The irony, Thomson noted last week, is that the specific swimming costume the bans have targeted, the full-body swimsuit known as the “burkini,” is rejected as immodest by Islamist ideologues. Although the authorities in Nice confirmed that the incident reported by the Mail did take place, and that at least 23 other women have been ticketed there this week, and forced to pay 38-euro fines, or about $40, defenders of the so-called “burkini ban” accused the unnamed woman of taking part in a staged “provocation.” Jérémie Boulet, a member of the xenophobic National Front party, argued that the woman must have been trying to bait the authorities into approaching her by wearing such an outfit on a warm day. He also suggested, incorrectly, that she was not sitting on a towel when approached by the officers.
Christian Estrosi, a former mayor of Nice who is now the regional president of the Côte d’Azur, issued a statement on Wednesday in which he called the behavior of the two dozen women fined for their dress this week, “unacceptable provocations” intended to “undermine the city’s police officers.” Estrosi also warned people who share images of the police ticketing women on social networks that they could be prosecuted for endangering the officers.
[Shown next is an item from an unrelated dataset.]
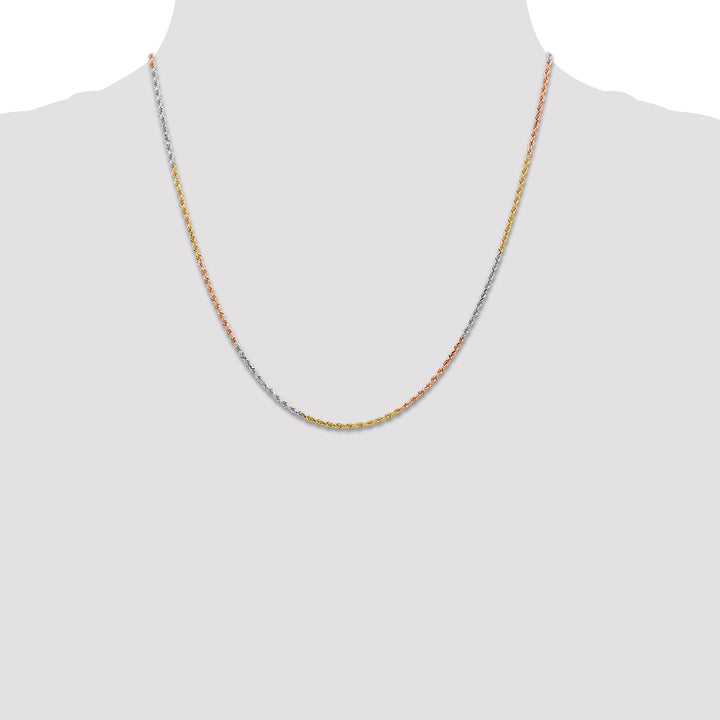 14k Tri-color 1.5mm Diamond-cut Rope Chain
A French photo agency that acquired the rights to the images told Libération that the photographs were “certainly not staged, as some people have alleged,” and were the work of an unnamed freelancer “who happened to be on the beach at the time,” looking for images of the ban being enforced. He was about 100 meters away from the woman when he saw the officers approach and shot the encounter using a telephoto lens. The agency, Best Image, said in a statement:
The freelancer witnessed the scene, which took place at 11 a.m. on Tuesday and lasted roughly 10 minutes.“The woman was issued with a fine and left the beach a few minutes later. That is all the photographer was able to see.
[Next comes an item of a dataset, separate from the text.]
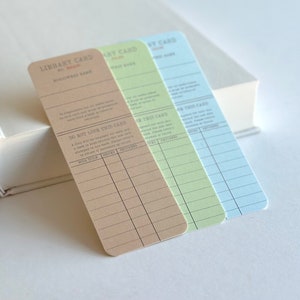 Vintage Library Card Personalised Bookmark, Cute Bookstagram Customisation Bookmarks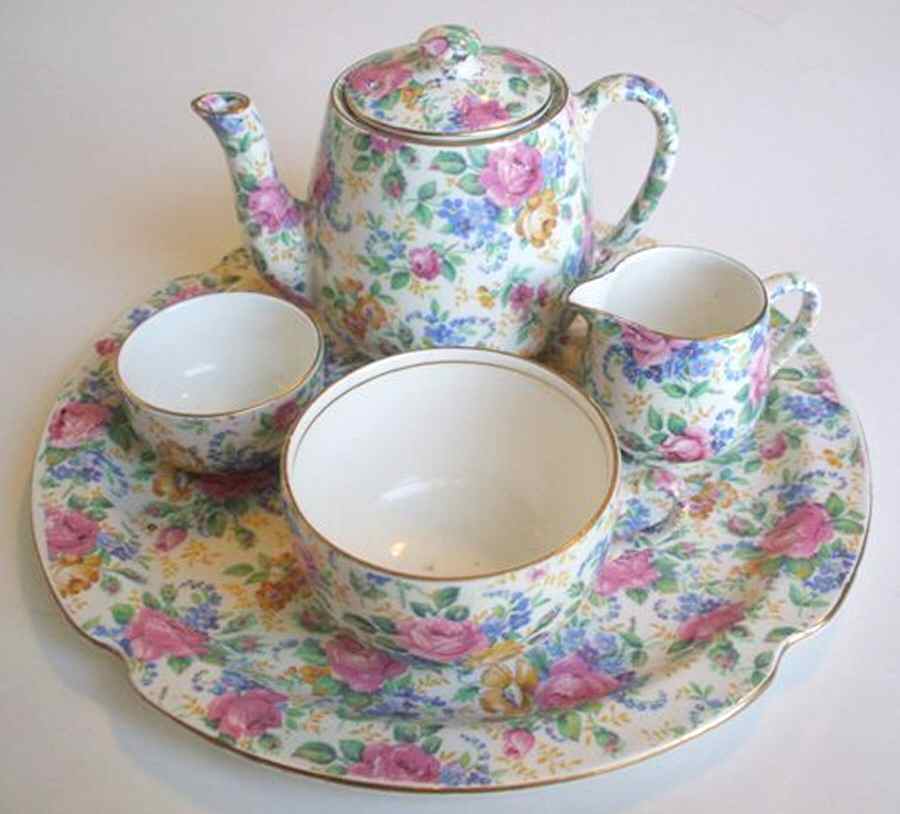 Rosalynde (Old, No Globe Stamp) 5-Piece Breakfast Set (Cup, TP, Cr, Su, Tray) by James Kent (England)-1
Speculation that the officers could have been set up was fueled by the fact that the photographer’s name was not released, but the incident took place the same day that a French journalist, Mathilde Cusin, witnessed something worse: a woman in Cannes being fined by the police and harassed by on-lookers. That woman, a 34-year-old mother who gave her first name as Siam, told Agence France-Presse that she was given a ticket for sitting on the beach with her family, wearing a headscarf and leggings. “I had no intention of swimming,” she said. In an interview with Le Nouvel Observateur, the woman said that she was baffled at first by the police officers who told her that beach-goers were obliged to “dress properly” according to a new ordinance. When she asked the officers what that meant she was told that she could only stay on the beach if she agreed to wrap her scarf into a headband. Siam told the magazine:
My children were crying, witnessing my humiliation. Even I could not help crying. They humiliated us.
During her standoff with the police, a crowd of onlookers gathered. Some of them defended the woman, arguing that she was causing no harm and was not even wearing a burkini. Others, however, taunted her with racist remarks. She said:
I was stunned. I heard things no one had ever said to my face, like ‘Go home!’
Siam, who was born to French parents in Toulouse, said that someone else added, “We are Catholics here!” Cusin told the magazine:
People demanded that she leave or remove her veil. It was pretty violent. I had the impression of watching a pack go after a woman sitting on the ground in tears with her little girl. What shocked me is that it was mostly people in their thirties, not the elderly as one might imagine.
Siam told Al Jazeera’s AJ+ later in a video interview:
In the country of human rights, I see no trace of the principles of liberty, equality and fraternity. I am outraged that this could happen in France. Today we are banned from the beach. Tomorrow it will be the street. We are women. We are adults. And if the headscarf is a personal choice, and if women want to wear it, why stop them?